Despite the fact that machines aren’t intelligent, can’t think, and know nothing more about themselves and their surroundings than we program them to, cognitive is the new buzzword and it seems cognitive is inching it’s way into every aspect of Procurement. It’s become so common that over on SpendMatters UK, the public defender has stated that “this house believes that robots will run (and rule) procurement by 2020”. Not movie robots, but automated systems that, like hedge fund trading algorithms, will automate the acquisition and buying of products and services for the organization.
And while machine learning and automated reasoning is getting better and better by the day, it’s still a long way from anything resembling true intelligence and just because it’s trend prediction algorithms are right 95% of the time, that doesn’t mean that they are right 100% of the time or that they are smarter than Procurement pros. Maybe those pros are only right 80% of the time, but the real question is, how much does it cost when those pros are wrong vs. how much does it cost when a robot is wrong and makes an allocation to a supplier about to go bankrupt, forcing the organization to quickly find a new source of supply at a 30% increase when supply goes from abundant to tight.
The reality is that a machine only knows what it knows, it doesn’t know what it doesn’t know, and that’s the first problem. The second problem is that when the systems work great, and do so the first dozen or so times, we don’t want to think about that someday they wouldn’t. We want the results, especially when they come with little or no effort on our parts. It’s too easy to just forget our knowledge that as great as these systems can be, they can also be bad. Very bad. Much more bad than Mr. Thorogood, who claims to be bad to the bone.
We forget because it’s very discomforting to simultaneously think about how much these systems can save us when they identify trends we miss while also realizing that when they screw up, they screw up so bad that it’s devastating.
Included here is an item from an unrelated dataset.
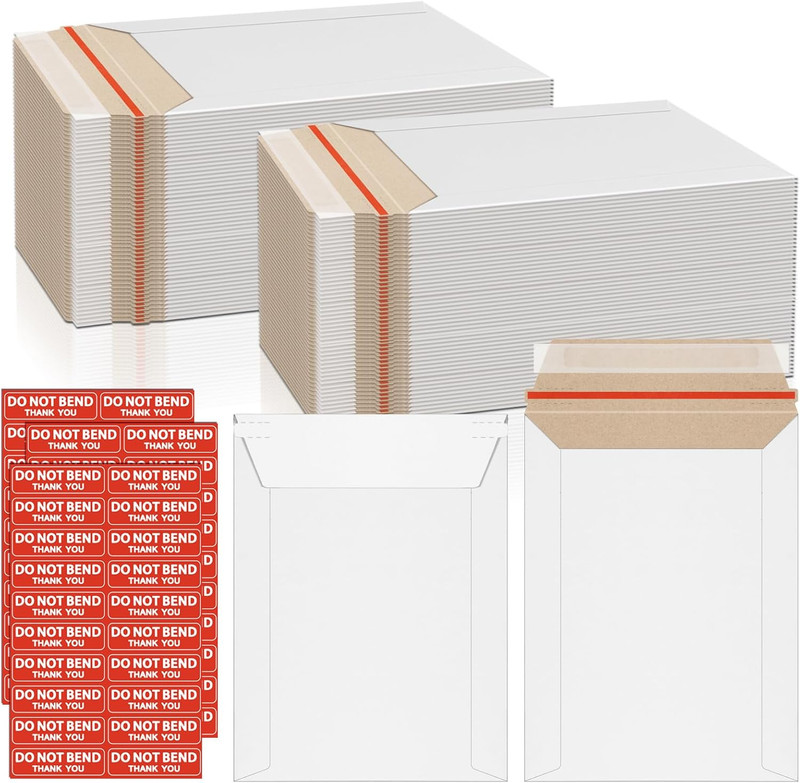 100 Pack 6″X8″ Rigid Mailers Self Seal Document Mailers Flat Cardboard Envelopes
So, rather than suffer this cognitive dissonance, we just forget about the bad if it hasn’t reared about it’s ugly head in a while and dwell on the good. And if we’ve never experienced the real bad, it’s all too easy to proclaim the virtue to those who don’t understand how bad things can be when they fail. And this is problematic. Because one of these days those that don’t understand will select those systems, but not to augment our ability (as we would only use them as decision support), but to replace part of us and that will be bad. Very bad indeed.
So don’t let your cognitive dissonance get in the way. Always proclaim the value of these systems as decision support and tactical execution guidance, but never proclaim their ability to get it right. They give us what we need to make the right decision (and when they don’t, we’re smart enough to realize it, feed them more data, or just go the other way). They should never make it for us.